For the listing below, report all lines that hold the word "залізного".

↓

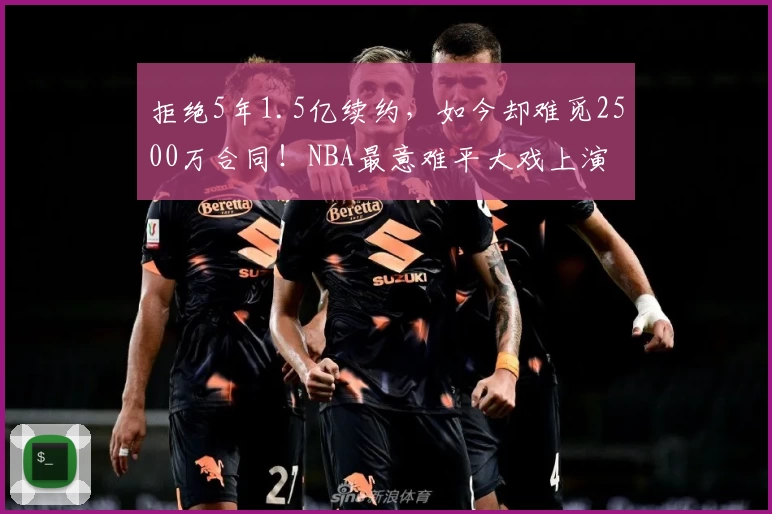 拒绝5年1.5亿续约，如今却难觅2500万合同！NBA最意难平大戏上演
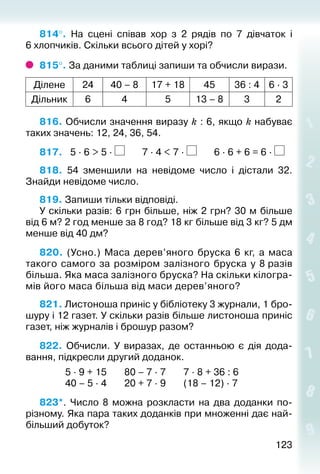123123
814°.  На сцені співав хор з 2 рядів по 7 дівчаток і
6 хлопчиків. Скільки всього дітей у хорі?
815°. За даними таблиці запиши та обчисли вирази.
Ділене 24 40 – 8 17 + 18 45 36 : 4 6 ∙ 3
Дільник 6 4 5 13 – 8 3 2
816. Обчисли значення виразу k : 6, якщо k набуває
таких значень: 12, 24, 36, 54.
817.	 5 ∙ 6 > 5 ∙ 7 ∙ 4 < 7 ∙ 6 ∙ 6 + 6 = 6 ∙
818. 54 зменшили на невідоме число і дістали 32.
Знайди невідоме число.
819. Запиши тільки відповіді.
У скільки разів: 6 грн більше, ніж 2 грн? 30 м більше
від 6 м? 2 год менше за 8 год? 18 кг більше від 3 кг? 5 дм
менше від 40 дм?
820.  (Усно.) Маса дерев’яного бруска 6 кг, а маса
такого самого за розміром залізного бруска у 8 разів
більша. Яка маса залізного бруска? На скільки кілогра­
мів його маса більша від маси дерев’яного?
821. Листоноша приніс у бібліотеку 3 журнали, 1 бро­
шуру і 12 газет. У скільки разів більше листоно­ша приніс
газет, ніж журналів і брошур разом?
822. Обчисли. У виразах, де останньою є дія дода­
вання, під­кресли другий доданок.
						 5 ∙ 9 + 15				 80 – 7 ∙ 7				 7 ∙ 8 + 36 : 6
						 40 – 5 ∙ 4				 20 + 7 ∙ 9				 (18 – 12) ∙ 7
823*.  Число 8 можна розкласти на два доданки по-
різному. Яка пара таких доданків при множенні дає най­
більший добуток?
 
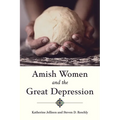 Amish Women and the Great Depression - Hardcover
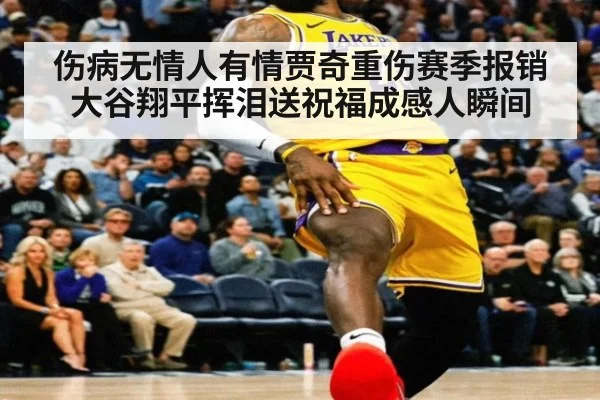 伤病无情人有情贾奇重伤赛季报销大谷翔平挥泪送祝福成感人瞬间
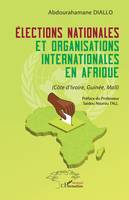 Élections nationales et organisations internationales en Afrique, (Côte d’Ivoire, Guinée, Mali)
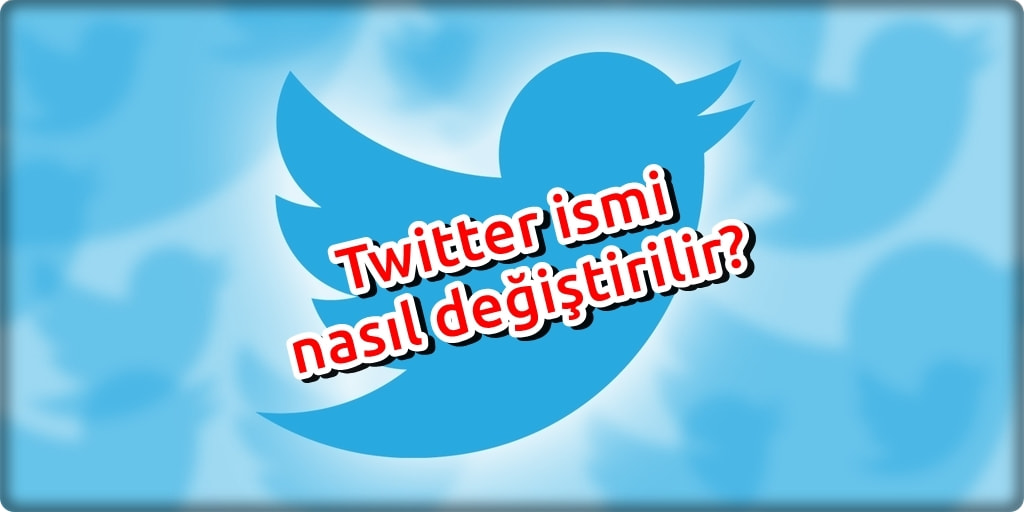 5 Basit Adımda Twitter İsmini Değiştirme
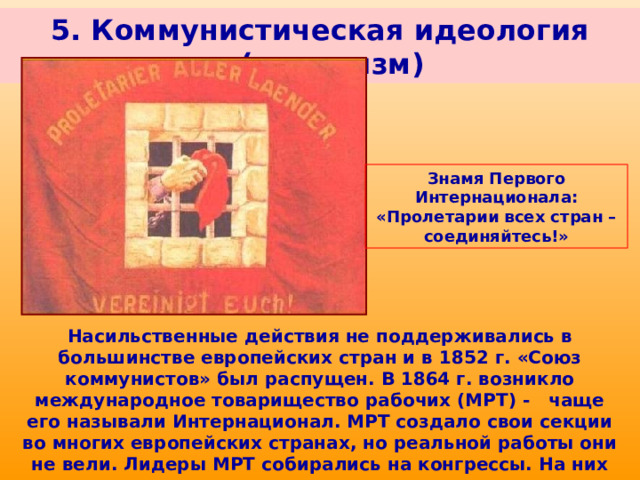 5. Коммунистическая идеология (марксизм) Знамя Первого Интернационала: «Пролетарии всех стран – соединяйтесь!» Насильственные действия не поддерживались в большинстве европейских стран и в 1852 г. «Союз коммунистов» был распущен. В 1864 г. возникло международное товарищество рабочих (МРТ) - чаще его называли Интернационал. МРТ создало свои секции во многих европейских странах, но реальной работы они не вели. Лидеры МРТ собирались на конгрессы. На них часто возникали споры между марксистами и сторонниками других направлений. 
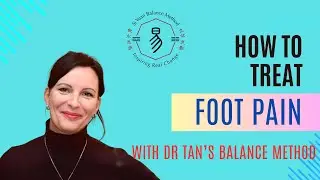 Foot Pain Relief in MINUTES? Dr. Tan's Balance Method Explained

↑

Answer space:
такого самого за розміром залізного бруска у 8 разів
більша. Яка маса залізного бруска? На скільки кілогра­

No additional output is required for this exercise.